- **Task details**: Reproduce the listing word for word, leaving every picture behind.

------ Data excerpt ------

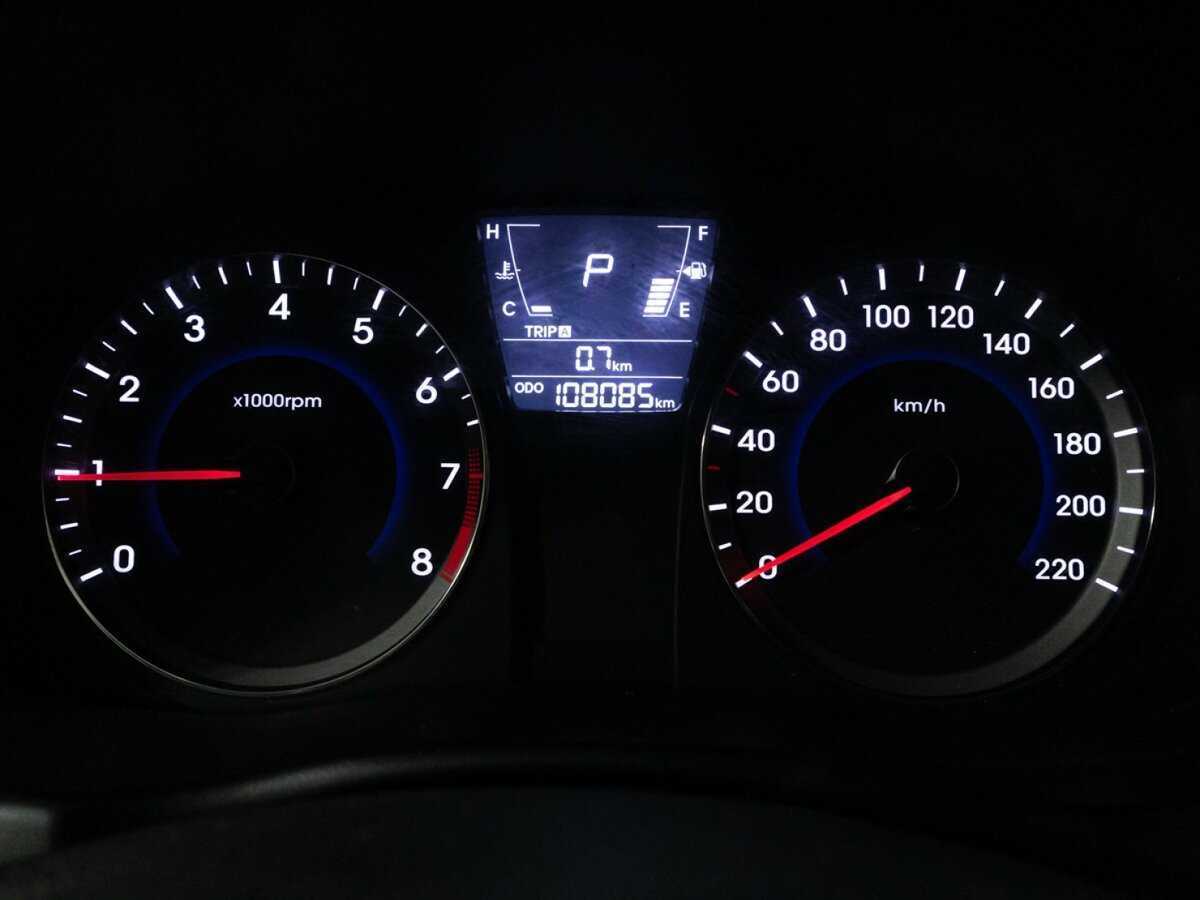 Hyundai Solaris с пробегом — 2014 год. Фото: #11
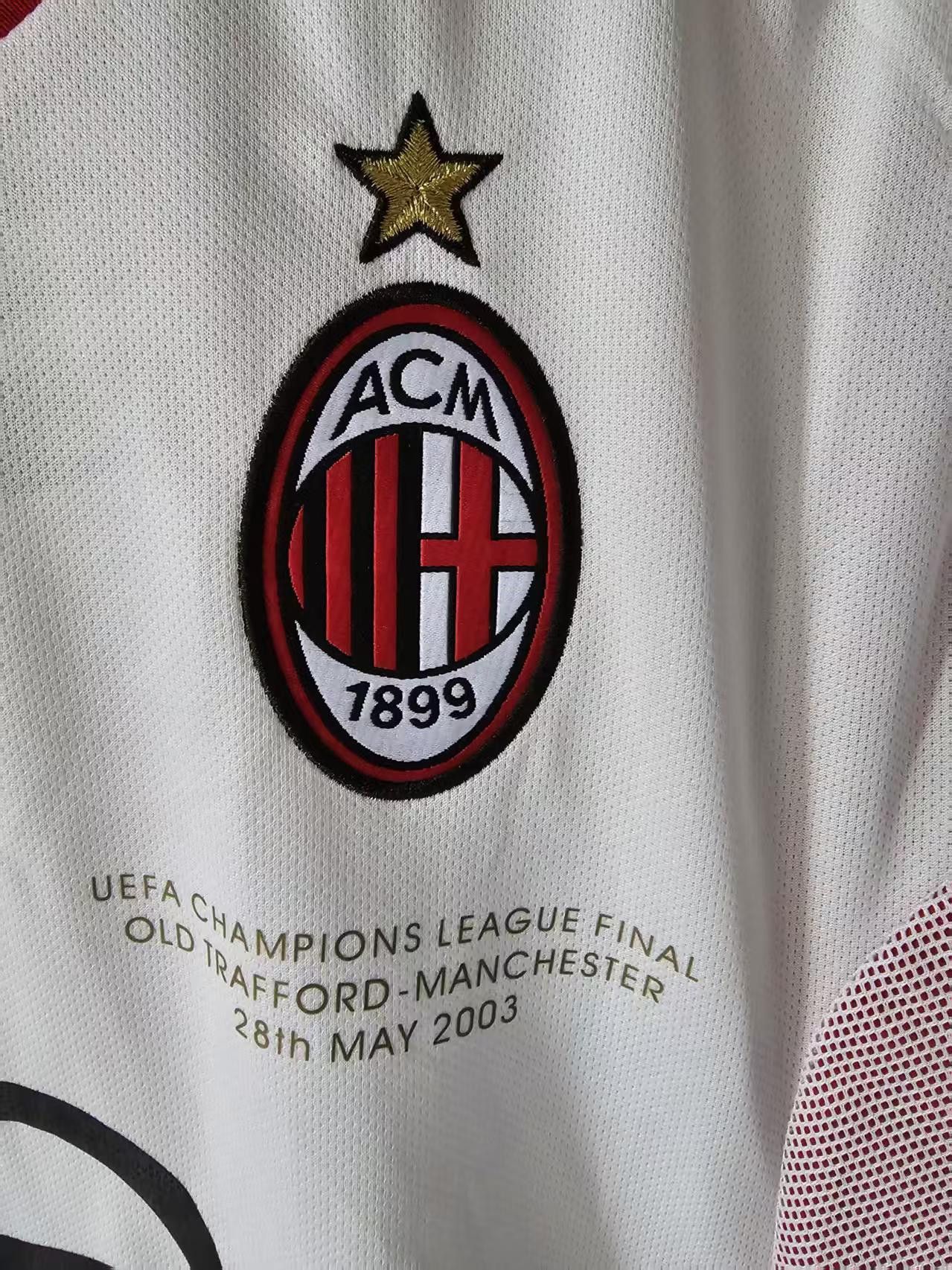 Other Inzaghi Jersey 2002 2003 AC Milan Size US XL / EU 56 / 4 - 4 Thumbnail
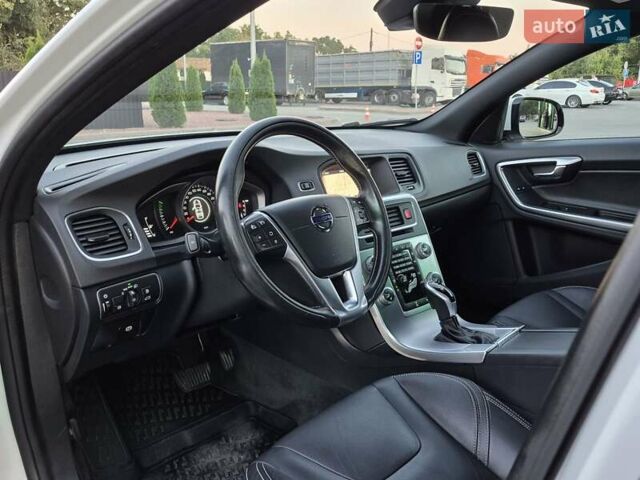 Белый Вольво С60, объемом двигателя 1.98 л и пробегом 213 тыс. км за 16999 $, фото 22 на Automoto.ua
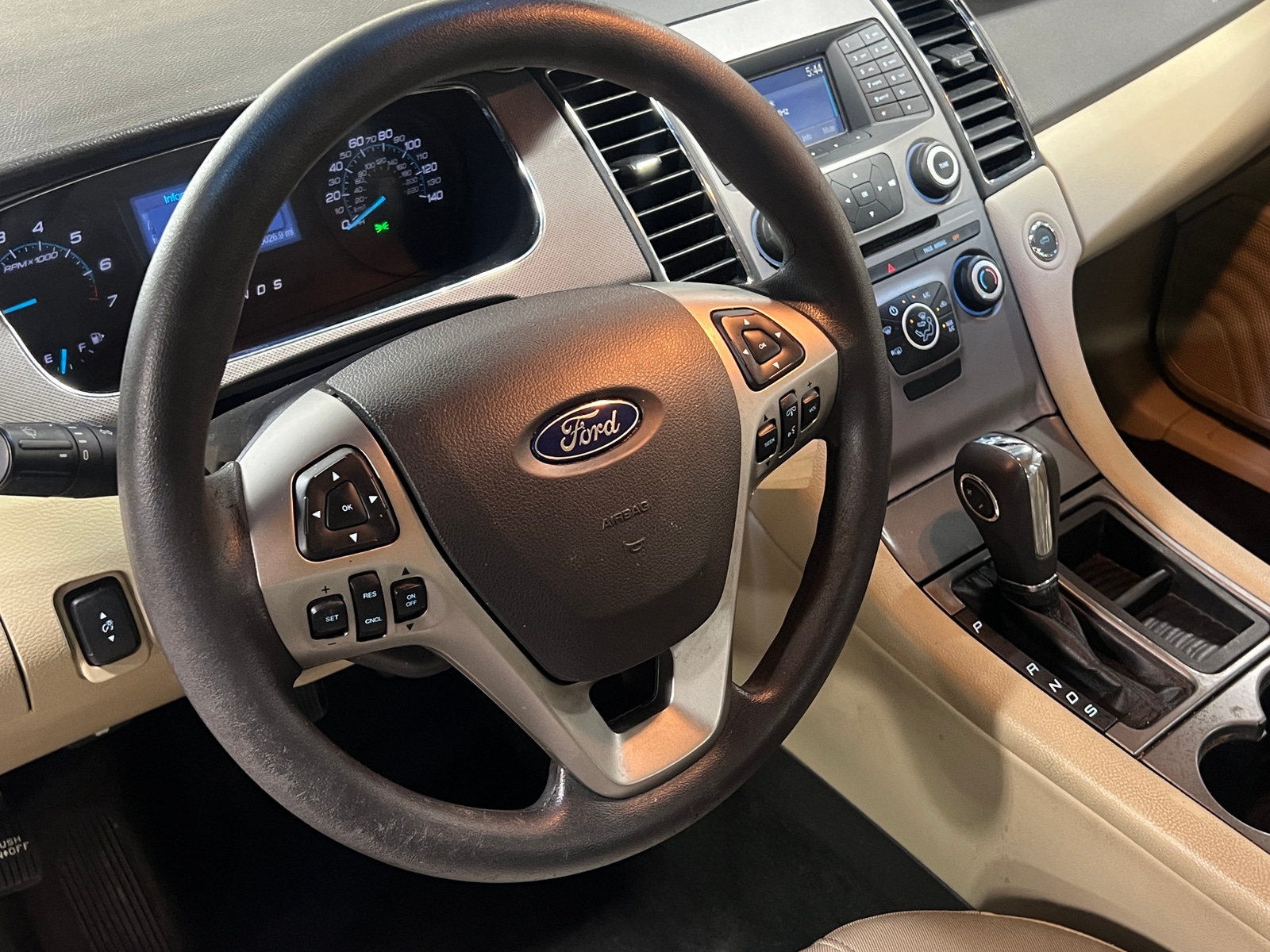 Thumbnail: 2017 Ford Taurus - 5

------

- **Result of the exercise**:
 Hyundai Solaris с пробегом — 2014 год. Фото: #11
 Other Inzaghi Jersey 2002 2003 AC Milan Size US XL / EU 56 / 4 - 4 Thumbnail
 Белый Вольво С60, объемом двигателя 1.98 л и пробегом 213 тыс. км за 16999 $, фото 22 на Automoto.ua
 Thumbnail: 2017 Ford Taurus - 5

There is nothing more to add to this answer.